The problem → Leave the pictures out and write out the rest of the listing word for word.

Supplied material →
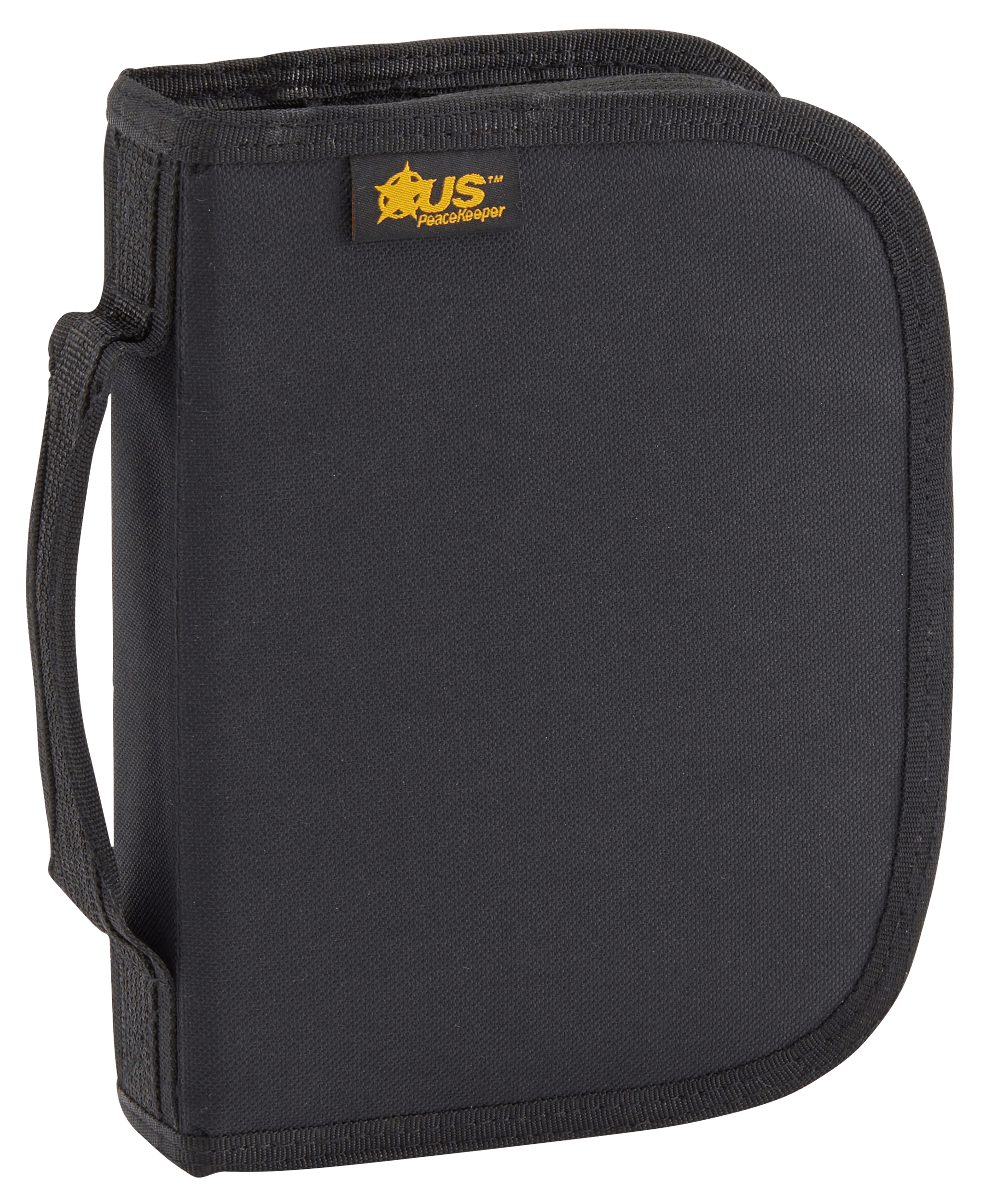 US PeaceKeeper P26308 365 Micro Black Holds 1 Handgun Polyester US PeaceKeeper P26308 365 Micro Black Holds 1 Handgun Polyester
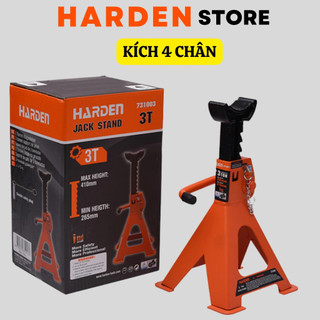 Con nâng đội kê mễ kê ngựa ô tô harden giúp nâng phụ trợ sửa chữa xe hơi - bộ combo 2 con 2 tấn hoặc 3 tấn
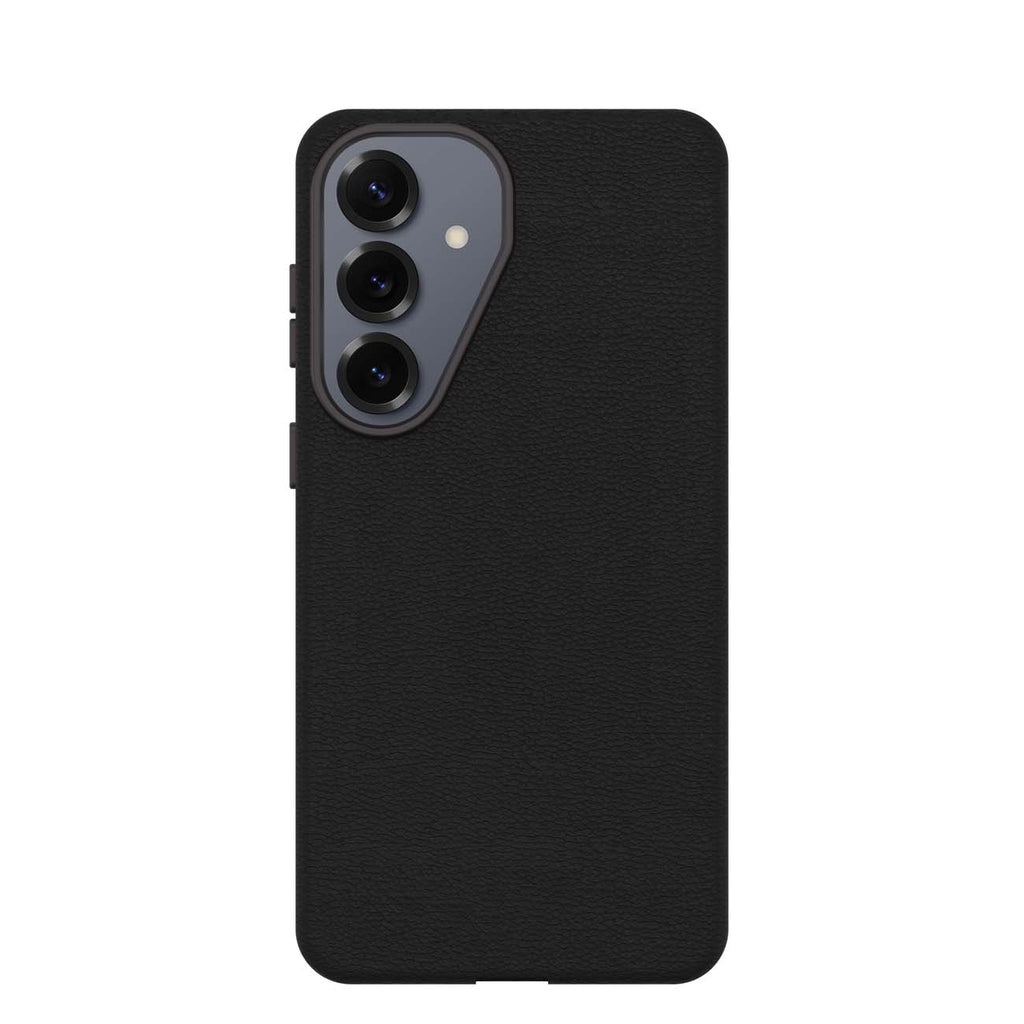 OtterBox Symmetry Cactus Leather S26+ Case w/Magnets - Black 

Answer to this problem →
 US PeaceKeeper P26308 365 Micro Black Holds 1 Handgun Polyester US PeaceKeeper P26308 365 Micro Black Holds 1 Handgun Polyester
 Con nâng đội kê mễ kê ngựa ô tô harden giúp nâng phụ trợ sửa chữa xe hơi - bộ combo 2 con 2 tấn hoặc 3 tấn
 OtterBox Symmetry Cactus Leather S26+ Case w/Magnets - Black 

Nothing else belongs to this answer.